Some parents fear that immunizations are linked to autism. This is a very complicated topic. It is more emotional than scientific. There is no direct scientific evidence linking immunizations to autism. Your OB provider and/or pediatrician can speak to you directly about any safety concerns you have and hopefully calm your fears with data. On the subject of vaccinations, whooping cough (or pertussis) can be deadly in infancy. It’s a good idea that mom, dad and other children in the house ask for the Tdap or whooping cough vaccine with each pregnancy to protect your growing baby.
Other people have an immense fear of needles. While that may be a rational aversion on some level, there is nothing more fierce and natural than a mother protecting her baby. It takes less than 10 seconds and it’s done. The potential consequences of getting the flu while pregnant far outweigh a needle prick.
Finally, some people just can’t afford the flu shot. In many cases you can receive the vaccine for free – just talk to your provider or local health clinic. You can be vaccinated at your primary care clinic, at work, at health clinics or at your local pharmacy. If you skip the vaccination, lost wages due to sick days from work and/or additional doctor visits may prove much more costly than a flu shot to prevent sickness it. It’s worth it for your health and your pocketbook.

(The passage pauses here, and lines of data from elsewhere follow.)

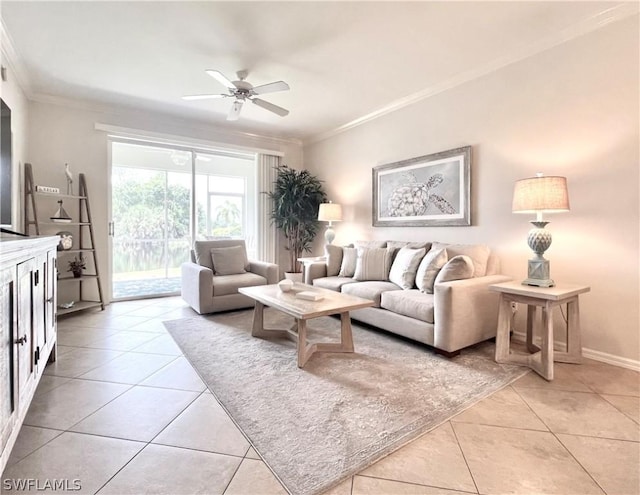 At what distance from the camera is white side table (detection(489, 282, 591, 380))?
2201 millimetres

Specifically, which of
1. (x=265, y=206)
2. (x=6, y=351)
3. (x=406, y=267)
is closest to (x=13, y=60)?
(x=6, y=351)

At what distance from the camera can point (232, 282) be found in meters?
3.92

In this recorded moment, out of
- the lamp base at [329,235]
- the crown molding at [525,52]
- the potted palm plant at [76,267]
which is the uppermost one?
the crown molding at [525,52]

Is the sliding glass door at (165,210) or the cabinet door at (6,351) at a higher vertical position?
the sliding glass door at (165,210)

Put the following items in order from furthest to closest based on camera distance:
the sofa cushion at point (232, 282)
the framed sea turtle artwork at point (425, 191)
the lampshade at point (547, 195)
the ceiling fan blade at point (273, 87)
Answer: the sofa cushion at point (232, 282) → the framed sea turtle artwork at point (425, 191) → the ceiling fan blade at point (273, 87) → the lampshade at point (547, 195)

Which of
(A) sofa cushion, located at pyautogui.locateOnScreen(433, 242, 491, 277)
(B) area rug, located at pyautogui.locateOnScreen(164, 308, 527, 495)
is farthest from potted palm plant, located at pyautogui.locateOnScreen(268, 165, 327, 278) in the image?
(A) sofa cushion, located at pyautogui.locateOnScreen(433, 242, 491, 277)

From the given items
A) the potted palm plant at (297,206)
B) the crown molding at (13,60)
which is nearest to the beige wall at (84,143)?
the crown molding at (13,60)

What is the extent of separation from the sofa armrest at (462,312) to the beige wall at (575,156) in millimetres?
627

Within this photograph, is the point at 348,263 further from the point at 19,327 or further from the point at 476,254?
the point at 19,327

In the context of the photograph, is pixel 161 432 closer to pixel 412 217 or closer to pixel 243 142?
pixel 412 217

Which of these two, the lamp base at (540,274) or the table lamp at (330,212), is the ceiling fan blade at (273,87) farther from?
the lamp base at (540,274)

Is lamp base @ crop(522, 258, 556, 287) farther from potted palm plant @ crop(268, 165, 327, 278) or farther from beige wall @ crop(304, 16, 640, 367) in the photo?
potted palm plant @ crop(268, 165, 327, 278)

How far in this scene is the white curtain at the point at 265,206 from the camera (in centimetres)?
547

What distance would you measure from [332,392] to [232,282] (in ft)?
7.38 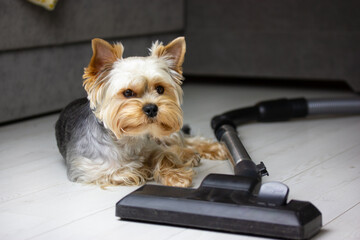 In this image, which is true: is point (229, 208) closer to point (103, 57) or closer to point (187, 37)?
point (103, 57)

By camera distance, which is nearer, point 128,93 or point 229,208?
point 229,208

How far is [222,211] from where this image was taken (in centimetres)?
132

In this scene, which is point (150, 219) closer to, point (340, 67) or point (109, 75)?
point (109, 75)

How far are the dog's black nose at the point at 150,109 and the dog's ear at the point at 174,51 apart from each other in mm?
224

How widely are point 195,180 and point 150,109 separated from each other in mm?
359

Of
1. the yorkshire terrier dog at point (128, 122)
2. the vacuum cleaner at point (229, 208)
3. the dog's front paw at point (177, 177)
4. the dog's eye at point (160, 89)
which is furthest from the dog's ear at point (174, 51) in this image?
the vacuum cleaner at point (229, 208)

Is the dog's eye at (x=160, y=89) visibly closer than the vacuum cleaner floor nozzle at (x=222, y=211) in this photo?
No

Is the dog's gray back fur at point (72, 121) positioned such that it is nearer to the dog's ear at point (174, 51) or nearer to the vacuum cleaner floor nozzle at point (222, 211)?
the dog's ear at point (174, 51)

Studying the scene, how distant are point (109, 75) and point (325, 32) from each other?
2.09m

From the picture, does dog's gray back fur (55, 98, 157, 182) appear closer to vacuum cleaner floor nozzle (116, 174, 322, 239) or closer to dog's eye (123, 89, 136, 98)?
dog's eye (123, 89, 136, 98)

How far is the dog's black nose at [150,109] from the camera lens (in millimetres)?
1598

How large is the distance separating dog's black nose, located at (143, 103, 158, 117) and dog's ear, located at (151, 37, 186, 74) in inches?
8.8

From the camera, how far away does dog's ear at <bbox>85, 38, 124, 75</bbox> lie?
1.65m

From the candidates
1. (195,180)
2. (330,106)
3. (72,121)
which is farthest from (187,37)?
(195,180) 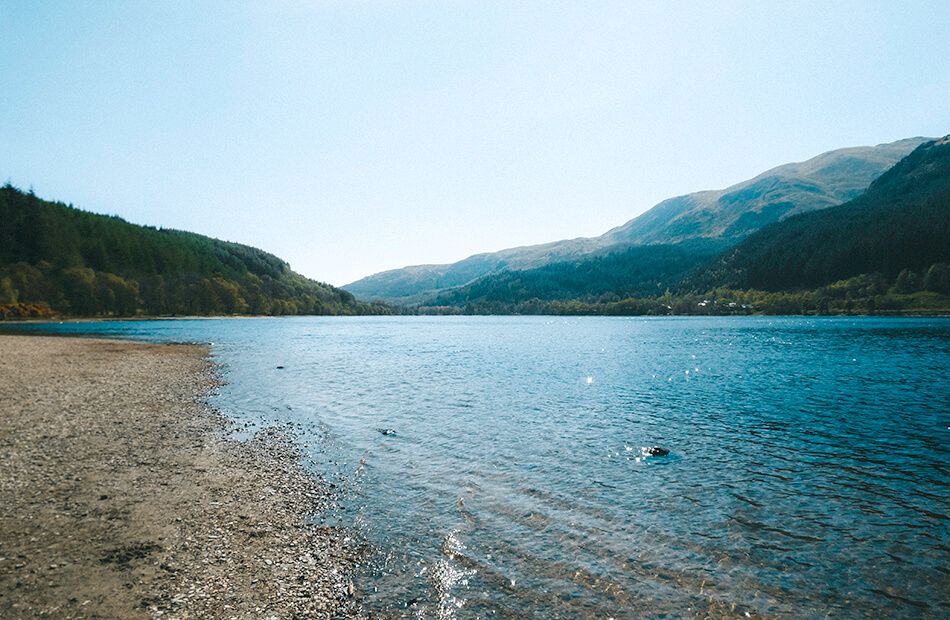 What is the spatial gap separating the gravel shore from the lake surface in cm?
127

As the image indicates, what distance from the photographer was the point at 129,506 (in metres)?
12.6

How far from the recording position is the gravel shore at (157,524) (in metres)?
8.34

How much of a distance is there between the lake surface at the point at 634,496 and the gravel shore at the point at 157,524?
1.27m

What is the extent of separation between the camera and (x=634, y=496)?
15.6m

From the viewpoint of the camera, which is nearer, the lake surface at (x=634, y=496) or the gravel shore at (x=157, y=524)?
the gravel shore at (x=157, y=524)

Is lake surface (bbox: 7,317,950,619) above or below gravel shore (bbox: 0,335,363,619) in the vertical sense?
below

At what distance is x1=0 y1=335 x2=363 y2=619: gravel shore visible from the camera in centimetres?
834

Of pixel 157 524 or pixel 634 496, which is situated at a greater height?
pixel 157 524

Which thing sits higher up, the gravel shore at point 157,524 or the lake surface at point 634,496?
the gravel shore at point 157,524

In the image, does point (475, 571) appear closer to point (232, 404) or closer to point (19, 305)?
point (232, 404)

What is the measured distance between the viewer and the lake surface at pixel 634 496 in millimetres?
9773

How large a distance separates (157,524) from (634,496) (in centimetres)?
1493

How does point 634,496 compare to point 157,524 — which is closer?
point 157,524

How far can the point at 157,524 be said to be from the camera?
11562 millimetres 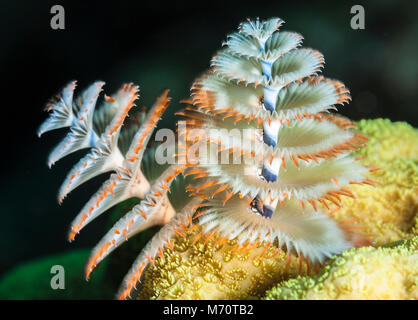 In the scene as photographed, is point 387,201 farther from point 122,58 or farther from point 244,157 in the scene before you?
point 122,58

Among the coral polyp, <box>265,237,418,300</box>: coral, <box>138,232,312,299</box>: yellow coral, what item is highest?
the coral polyp

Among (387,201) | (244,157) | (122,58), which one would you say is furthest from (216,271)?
(122,58)

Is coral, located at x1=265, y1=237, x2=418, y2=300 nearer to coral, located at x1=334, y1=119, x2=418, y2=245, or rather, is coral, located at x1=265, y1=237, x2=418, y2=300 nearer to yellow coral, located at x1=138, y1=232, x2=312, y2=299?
yellow coral, located at x1=138, y1=232, x2=312, y2=299

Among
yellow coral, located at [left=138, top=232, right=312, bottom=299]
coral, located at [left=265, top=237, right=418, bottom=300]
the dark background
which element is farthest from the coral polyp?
the dark background

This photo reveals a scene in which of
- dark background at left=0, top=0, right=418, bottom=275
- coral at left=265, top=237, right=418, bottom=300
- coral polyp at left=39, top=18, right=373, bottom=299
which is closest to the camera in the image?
coral at left=265, top=237, right=418, bottom=300

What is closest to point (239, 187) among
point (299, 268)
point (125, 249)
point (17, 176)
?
point (299, 268)

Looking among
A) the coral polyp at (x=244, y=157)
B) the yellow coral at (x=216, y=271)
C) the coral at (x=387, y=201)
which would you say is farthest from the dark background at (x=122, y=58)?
the yellow coral at (x=216, y=271) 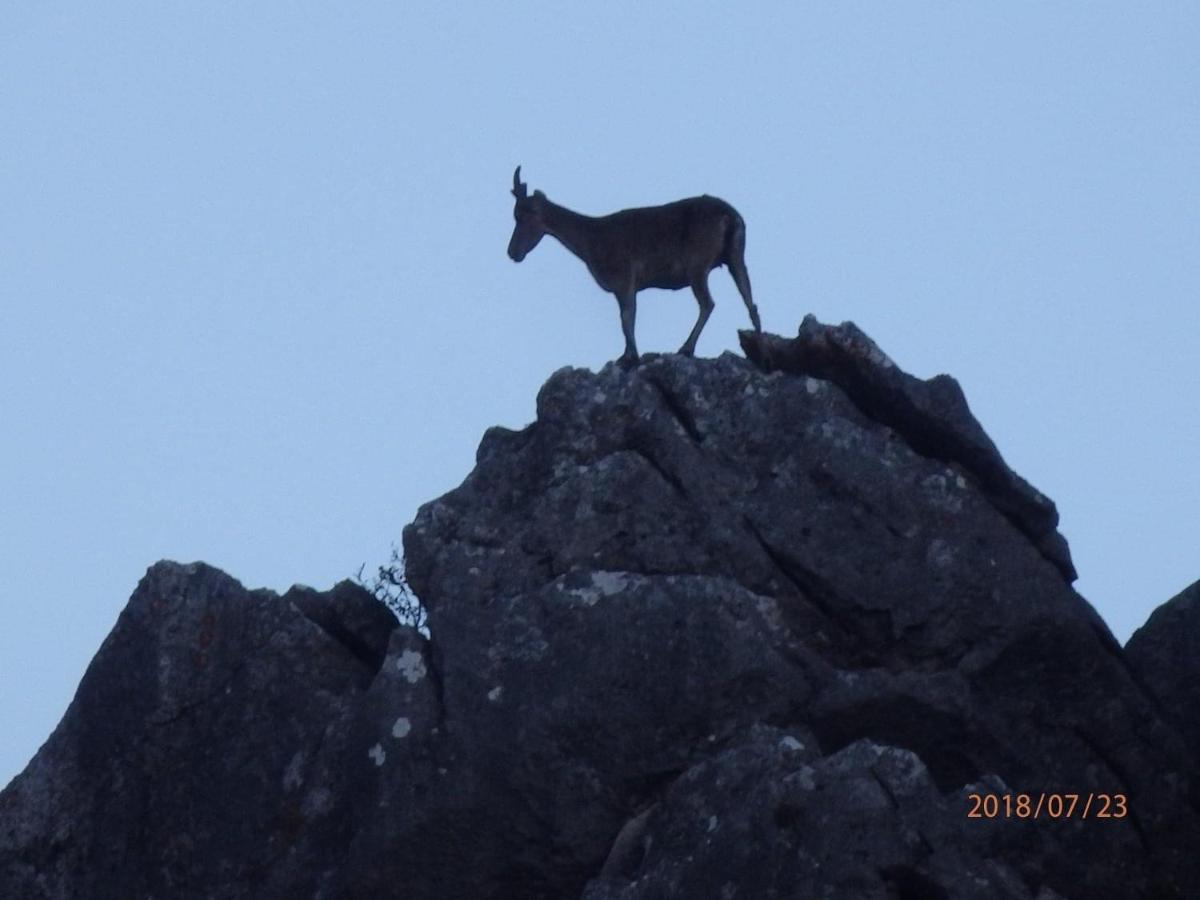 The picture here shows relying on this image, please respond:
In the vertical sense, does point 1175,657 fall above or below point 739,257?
below

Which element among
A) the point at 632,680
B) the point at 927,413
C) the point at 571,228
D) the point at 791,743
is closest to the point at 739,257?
the point at 571,228

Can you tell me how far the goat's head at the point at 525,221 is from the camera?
69.3 feet

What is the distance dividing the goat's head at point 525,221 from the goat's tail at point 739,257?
280cm

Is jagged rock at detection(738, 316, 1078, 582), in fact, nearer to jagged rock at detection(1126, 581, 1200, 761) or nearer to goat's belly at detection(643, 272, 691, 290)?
jagged rock at detection(1126, 581, 1200, 761)

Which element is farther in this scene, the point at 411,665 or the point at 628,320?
the point at 628,320

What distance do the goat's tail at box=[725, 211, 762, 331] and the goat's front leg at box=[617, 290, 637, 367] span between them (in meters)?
1.02

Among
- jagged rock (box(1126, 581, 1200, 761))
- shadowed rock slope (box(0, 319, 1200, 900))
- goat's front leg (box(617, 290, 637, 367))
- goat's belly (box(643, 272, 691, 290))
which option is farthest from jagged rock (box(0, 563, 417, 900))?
jagged rock (box(1126, 581, 1200, 761))

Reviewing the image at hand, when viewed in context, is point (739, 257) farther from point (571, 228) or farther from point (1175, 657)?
point (1175, 657)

Protect yourself with simple adjustments during flu season
Reduce your exposure to the flu by avoiding sick people with cough, fever and runny noses. Always use good hand hygiene. At times, it’s simply impossible to separate ourselves from ill people as they are frequently members of our own families or our co-workers. Personal measures that can help you avoid infection include increased hand washing, adequate sleep, eating fruits and veggies, and taking daily vitamins. These tactics all help, but it still may not be enough to keep the flu bug at bay. A flu vaccination plus these healthy habits will increase your defense tools.
Protecting yourself and your family from the flu protects all of us. Get a flu shot today. Call to schedule a consult with your obstetrician, midwife, primary care provider, pediatrician or a perinatologist if you have more questions. Helpful online resources include cdc.gov/vaccines and vaccines.gov.
Vaccination is not just about you and your personal choice. Vaccines are a way to protect your family and the ones you love from acquiring severe and life-threatening illnesses. In communities where vaccine use is low, there have been some very severe outcomes. Save lives, get vaccinated!